Crawled caption data:
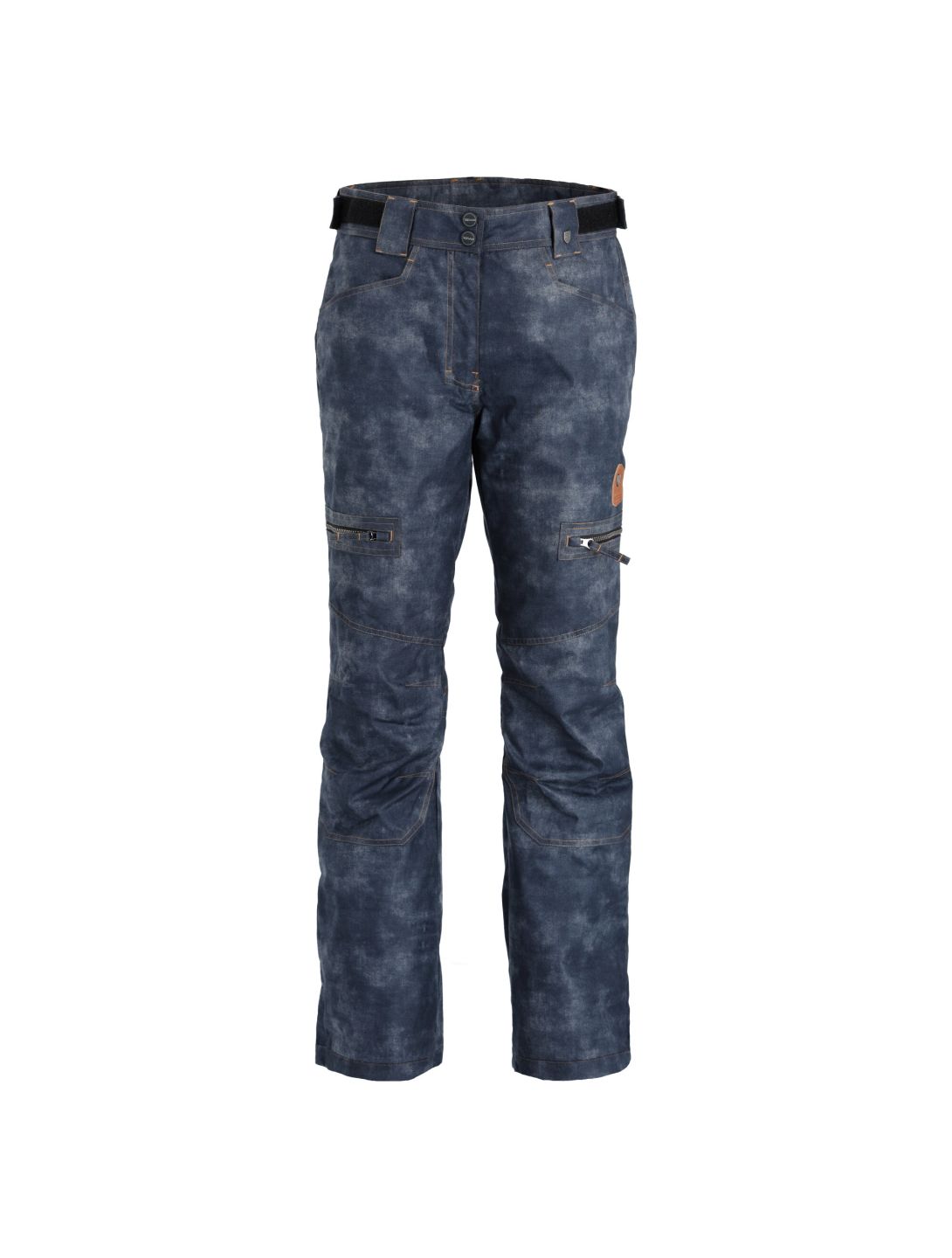 Rehall, Keely-R pantalones de esquí mujeres washed denim azul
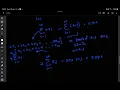 Statistics Past Paper Solution Mean Calculation 20 Salary Increase Maths Mathematics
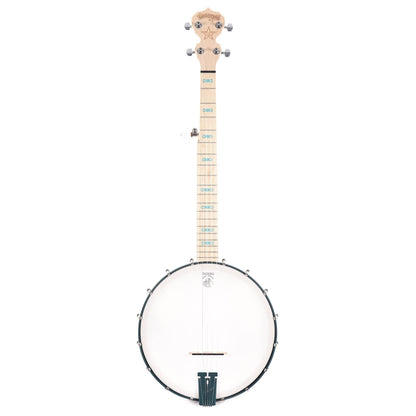 Deering Goodtime Jr. 5-String Openback Banjo Seawater Teal Folk Instruments / Banjos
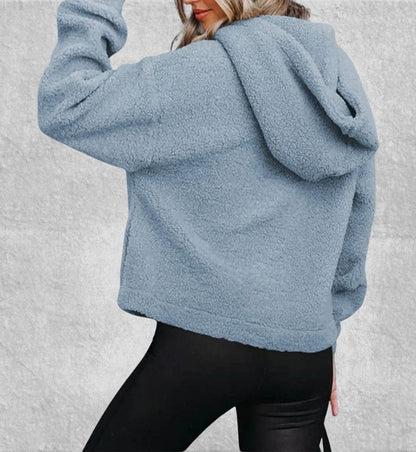 Pull Femme Doublé Polaire | Polaire Studio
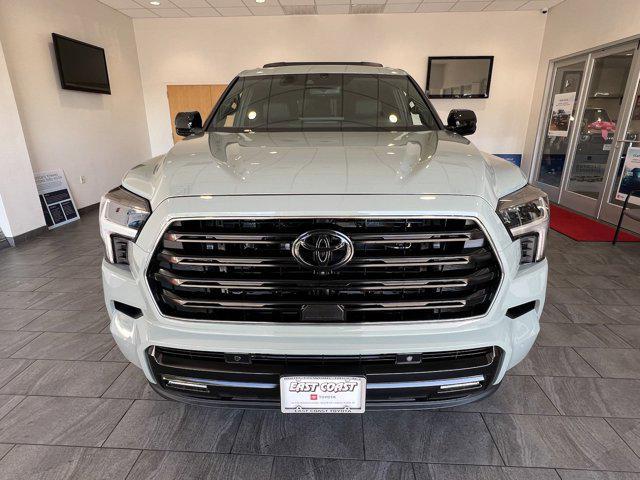 new 2025 Toyota Sequoia car, priced at $88,083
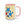 Vibrant Happy Molecule Accent Coffee Mug - Science Lover Gift - Dipaliz - Mugs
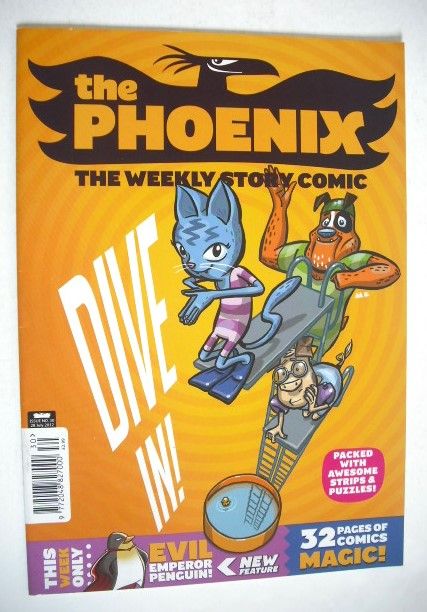 The Phoenix comic (28 July 2012)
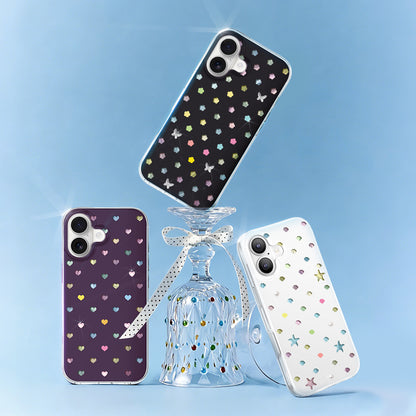 iPhone 17 Kılıf M-Safe Şarj Özellikli Zore Paris Axen Sert PC Kılıf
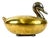 Large Mid-Century Modern Duck Shaped Brass Bowl with Lid, 1960s For Sale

What is being asked: An exact copy is needed of every line from the line containing "Vibrant Happy Molecule" to the last line of the records; pictures stay out of it.

Exercise response:
 Vibrant Happy Molecule Accent Coffee Mug - Science Lover Gift - Dipaliz - Mugs
 The Phoenix comic (28 July 2012)
 iPhone 17 Kılıf M-Safe Şarj Özellikli Zore Paris Axen Sert PC Kılıf
 Large Mid-Century Modern Duck Shaped Brass Bowl with Lid, 1960s For Sale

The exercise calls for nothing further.